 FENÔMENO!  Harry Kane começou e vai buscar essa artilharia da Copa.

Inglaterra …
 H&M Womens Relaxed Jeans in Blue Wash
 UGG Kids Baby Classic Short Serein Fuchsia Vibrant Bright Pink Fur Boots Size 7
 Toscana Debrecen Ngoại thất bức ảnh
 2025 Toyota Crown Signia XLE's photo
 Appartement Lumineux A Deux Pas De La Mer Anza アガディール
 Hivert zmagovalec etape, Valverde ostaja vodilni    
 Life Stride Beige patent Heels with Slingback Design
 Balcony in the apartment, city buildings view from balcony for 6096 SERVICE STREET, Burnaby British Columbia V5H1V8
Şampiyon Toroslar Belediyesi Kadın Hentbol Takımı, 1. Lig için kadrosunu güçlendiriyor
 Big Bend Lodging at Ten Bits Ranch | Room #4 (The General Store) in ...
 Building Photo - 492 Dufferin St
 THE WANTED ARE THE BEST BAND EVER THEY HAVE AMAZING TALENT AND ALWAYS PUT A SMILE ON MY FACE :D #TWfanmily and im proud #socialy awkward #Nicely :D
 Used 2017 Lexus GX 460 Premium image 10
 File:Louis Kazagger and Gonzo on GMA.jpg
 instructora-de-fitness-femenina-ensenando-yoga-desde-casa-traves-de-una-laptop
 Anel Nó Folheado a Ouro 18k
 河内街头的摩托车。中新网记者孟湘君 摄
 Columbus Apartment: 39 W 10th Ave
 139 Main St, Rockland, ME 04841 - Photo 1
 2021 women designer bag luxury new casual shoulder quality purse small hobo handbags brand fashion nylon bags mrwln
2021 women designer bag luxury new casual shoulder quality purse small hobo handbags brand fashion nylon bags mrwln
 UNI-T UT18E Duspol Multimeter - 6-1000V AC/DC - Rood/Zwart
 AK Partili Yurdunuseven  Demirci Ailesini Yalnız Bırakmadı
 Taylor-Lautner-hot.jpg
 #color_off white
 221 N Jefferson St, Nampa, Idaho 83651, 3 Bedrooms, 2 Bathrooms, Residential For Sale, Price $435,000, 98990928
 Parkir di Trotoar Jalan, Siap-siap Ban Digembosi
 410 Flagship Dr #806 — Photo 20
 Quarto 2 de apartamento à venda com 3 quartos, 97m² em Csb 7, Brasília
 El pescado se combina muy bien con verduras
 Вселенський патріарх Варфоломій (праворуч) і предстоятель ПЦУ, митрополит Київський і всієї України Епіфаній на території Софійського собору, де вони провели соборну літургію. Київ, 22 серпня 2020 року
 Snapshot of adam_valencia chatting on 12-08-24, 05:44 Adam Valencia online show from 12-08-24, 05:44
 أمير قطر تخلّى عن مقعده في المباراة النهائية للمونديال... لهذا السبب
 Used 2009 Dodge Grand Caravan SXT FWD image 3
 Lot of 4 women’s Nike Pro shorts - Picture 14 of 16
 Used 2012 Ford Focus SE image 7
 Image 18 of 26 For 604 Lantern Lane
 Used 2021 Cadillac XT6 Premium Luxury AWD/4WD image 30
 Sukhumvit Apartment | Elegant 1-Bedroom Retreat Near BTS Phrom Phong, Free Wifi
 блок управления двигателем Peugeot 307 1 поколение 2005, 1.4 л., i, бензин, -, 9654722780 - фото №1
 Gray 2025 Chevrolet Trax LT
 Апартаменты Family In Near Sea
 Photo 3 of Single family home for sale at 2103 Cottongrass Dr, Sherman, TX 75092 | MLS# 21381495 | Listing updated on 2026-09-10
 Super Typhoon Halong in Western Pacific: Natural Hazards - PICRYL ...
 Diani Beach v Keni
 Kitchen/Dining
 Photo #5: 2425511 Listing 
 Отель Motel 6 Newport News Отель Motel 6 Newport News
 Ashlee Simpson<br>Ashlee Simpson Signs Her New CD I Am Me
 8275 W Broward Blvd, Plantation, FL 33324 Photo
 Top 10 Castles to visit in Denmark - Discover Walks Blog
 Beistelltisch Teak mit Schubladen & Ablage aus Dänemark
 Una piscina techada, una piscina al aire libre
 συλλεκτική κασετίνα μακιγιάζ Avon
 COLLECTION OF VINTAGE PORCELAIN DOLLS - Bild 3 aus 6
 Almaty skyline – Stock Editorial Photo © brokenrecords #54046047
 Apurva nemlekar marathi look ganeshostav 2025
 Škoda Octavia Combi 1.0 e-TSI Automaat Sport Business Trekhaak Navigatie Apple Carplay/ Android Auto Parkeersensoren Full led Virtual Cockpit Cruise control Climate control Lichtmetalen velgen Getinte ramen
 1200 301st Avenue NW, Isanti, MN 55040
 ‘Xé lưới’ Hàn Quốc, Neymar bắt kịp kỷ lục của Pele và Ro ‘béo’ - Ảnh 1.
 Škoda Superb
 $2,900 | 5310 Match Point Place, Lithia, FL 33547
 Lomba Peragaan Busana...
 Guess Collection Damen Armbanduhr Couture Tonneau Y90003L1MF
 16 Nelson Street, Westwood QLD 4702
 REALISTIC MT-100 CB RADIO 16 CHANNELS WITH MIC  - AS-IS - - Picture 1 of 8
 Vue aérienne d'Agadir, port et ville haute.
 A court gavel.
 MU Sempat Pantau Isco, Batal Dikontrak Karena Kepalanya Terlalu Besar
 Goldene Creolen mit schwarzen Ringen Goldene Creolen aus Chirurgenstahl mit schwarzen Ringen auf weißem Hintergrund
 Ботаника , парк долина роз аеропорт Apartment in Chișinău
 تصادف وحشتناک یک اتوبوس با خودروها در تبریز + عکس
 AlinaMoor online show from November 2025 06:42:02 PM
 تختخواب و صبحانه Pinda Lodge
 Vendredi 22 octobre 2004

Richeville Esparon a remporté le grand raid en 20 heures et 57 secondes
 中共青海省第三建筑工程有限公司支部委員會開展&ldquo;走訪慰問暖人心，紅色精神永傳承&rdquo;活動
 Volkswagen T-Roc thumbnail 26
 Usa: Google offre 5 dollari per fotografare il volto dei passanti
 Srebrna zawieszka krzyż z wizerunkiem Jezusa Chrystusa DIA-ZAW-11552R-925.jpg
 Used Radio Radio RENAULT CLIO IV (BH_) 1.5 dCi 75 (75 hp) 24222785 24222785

+===+

Line by line, copy the data above exactly as it reads.

 FENÔMENO!  Harry Kane começou e vai buscar essa artilharia da Copa.

Inglaterra …
 H&M Womens Relaxed Jeans in Blue Wash
 UGG Kids Baby Classic Short Serein Fuchsia Vibrant Bright Pink Fur Boots Size 7
 Toscana Debrecen Ngoại thất bức ảnh
 2025 Toyota Crown Signia XLE's photo
 Appartement Lumineux A Deux Pas De La Mer Anza アガディール
 Hivert zmagovalec etape, Valverde ostaja vodilni    
 Life Stride Beige patent Heels with Slingback Design
 Balcony in the apartment, city buildings view from balcony for 6096 SERVICE STREET, Burnaby British Columbia V5H1V8
Şampiyon Toroslar Belediyesi Kadın Hentbol Takımı, 1. Lig için kadrosunu güçlendiriyor
 Big Bend Lodging at Ten Bits Ranch | Room #4 (The General Store) in ...
 Building Photo - 492 Dufferin St
 THE WANTED ARE THE BEST BAND EVER THEY HAVE AMAZING TALENT AND ALWAYS PUT A SMILE ON MY FACE :D #TWfanmily and im proud #socialy awkward #Nicely :D
 Used 2017 Lexus GX 460 Premium image 10
 File:Louis Kazagger and Gonzo on GMA.jpg
 instructora-de-fitness-femenina-ensenando-yoga-desde-casa-traves-de-una-laptop
 Anel Nó Folheado a Ouro 18k
 河内街头的摩托车。中新网记者孟湘君 摄
 Columbus Apartment: 39 W 10th Ave
 139 Main St, Rockland, ME 04841 - Photo 1
 2021 women designer bag luxury new casual shoulder quality purse small hobo handbags brand fashion nylon bags mrwln
2021 women designer bag luxury new casual shoulder quality purse small hobo handbags brand fashion nylon bags mrwln
 UNI-T UT18E Duspol Multimeter - 6-1000V AC/DC - Rood/Zwart
 AK Partili Yurdunuseven  Demirci Ailesini Yalnız Bırakmadı
 Taylor-Lautner-hot.jpg
 #color_off white
 221 N Jefferson St, Nampa, Idaho 83651, 3 Bedrooms, 2 Bathrooms, Residential For Sale, Price $435,000, 98990928
 Parkir di Trotoar Jalan, Siap-siap Ban Digembosi
 410 Flagship Dr #806 — Photo 20
 Quarto 2 de apartamento à venda com 3 quartos, 97m² em Csb 7, Brasília
 El pescado se combina muy bien con verduras
 Вселенський патріарх Варфоломій (праворуч) і предстоятель ПЦУ, митрополит Київський і всієї України Епіфаній на території Софійського собору, де вони провели соборну літургію. Київ, 22 серпня 2020 року
 Snapshot of adam_valencia chatting on 12-08-24, 05:44 Adam Valencia online show from 12-08-24, 05:44
 أمير قطر تخلّى عن مقعده في المباراة النهائية للمونديال... لهذا السبب
 Used 2009 Dodge Grand Caravan SXT FWD image 3
 Lot of 4 women’s Nike Pro shorts - Picture 14 of 16
 Used 2012 Ford Focus SE image 7
 Image 18 of 26 For 604 Lantern Lane
 Used 2021 Cadillac XT6 Premium Luxury AWD/4WD image 30
 Sukhumvit Apartment | Elegant 1-Bedroom Retreat Near BTS Phrom Phong, Free Wifi
 блок управления двигателем Peugeot 307 1 поколение 2005, 1.4 л., i, бензин, -, 9654722780 - фото №1
 Gray 2025 Chevrolet Trax LT
 Апартаменты Family In Near Sea
 Photo 3 of Single family home for sale at 2103 Cottongrass Dr, Sherman, TX 75092 | MLS# 21381495 | Listing updated on 2026-09-10
 Super Typhoon Halong in Western Pacific: Natural Hazards - PICRYL ...
 Diani Beach v Keni
 Kitchen/Dining
 Photo #5: 2425511 Listing 
 Отель Motel 6 Newport News Отель Motel 6 Newport News
 Ashlee Simpson<br>Ashlee Simpson Signs Her New CD I Am Me
 8275 W Broward Blvd, Plantation, FL 33324 Photo
 Top 10 Castles to visit in Denmark - Discover Walks Blog
 Beistelltisch Teak mit Schubladen & Ablage aus Dänemark
 Una piscina techada, una piscina al aire libre
 συλλεκτική κασετίνα μακιγιάζ Avon
 COLLECTION OF VINTAGE PORCELAIN DOLLS - Bild 3 aus 6
 Almaty skyline – Stock Editorial Photo © brokenrecords #54046047
 Apurva nemlekar marathi look ganeshostav 2025
 Škoda Octavia Combi 1.0 e-TSI Automaat Sport Business Trekhaak Navigatie Apple Carplay/ Android Auto Parkeersensoren Full led Virtual Cockpit Cruise control Climate control Lichtmetalen velgen Getinte ramen
 1200 301st Avenue NW, Isanti, MN 55040
 ‘Xé lưới’ Hàn Quốc, Neymar bắt kịp kỷ lục của Pele và Ro ‘béo’ - Ảnh 1.
 Škoda Superb
 $2,900 | 5310 Match Point Place, Lithia, FL 33547
 Lomba Peragaan Busana...
 Guess Collection Damen Armbanduhr Couture Tonneau Y90003L1MF
 16 Nelson Street, Westwood QLD 4702
 REALISTIC MT-100 CB RADIO 16 CHANNELS WITH MIC  - AS-IS - - Picture 1 of 8
 Vue aérienne d'Agadir, port et ville haute.
 A court gavel.
 MU Sempat Pantau Isco, Batal Dikontrak Karena Kepalanya Terlalu Besar
 Goldene Creolen mit schwarzen Ringen Goldene Creolen aus Chirurgenstahl mit schwarzen Ringen auf weißem Hintergrund
 Ботаника , парк долина роз аеропорт Apartment in Chișinău
 تصادف وحشتناک یک اتوبوس با خودروها در تبریز + عکس
 AlinaMoor online show from November 2025 06:42:02 PM
 تختخواب و صبحانه Pinda Lodge
 Vendredi 22 octobre 2004

Richeville Esparon a remporté le grand raid en 20 heures et 57 secondes
 中共青海省第三建筑工程有限公司支部委員會開展&ldquo;走訪慰問暖人心，紅色精神永傳承&rdquo;活動
 Volkswagen T-Roc thumbnail 26
 Usa: Google offre 5 dollari per fotografare il volto dei passanti
 Srebrna zawieszka krzyż z wizerunkiem Jezusa Chrystusa DIA-ZAW-11552R-925.jpg
 Used Radio Radio RENAULT CLIO IV (BH_) 1.5 dCi 75 (75 hp) 24222785 24222785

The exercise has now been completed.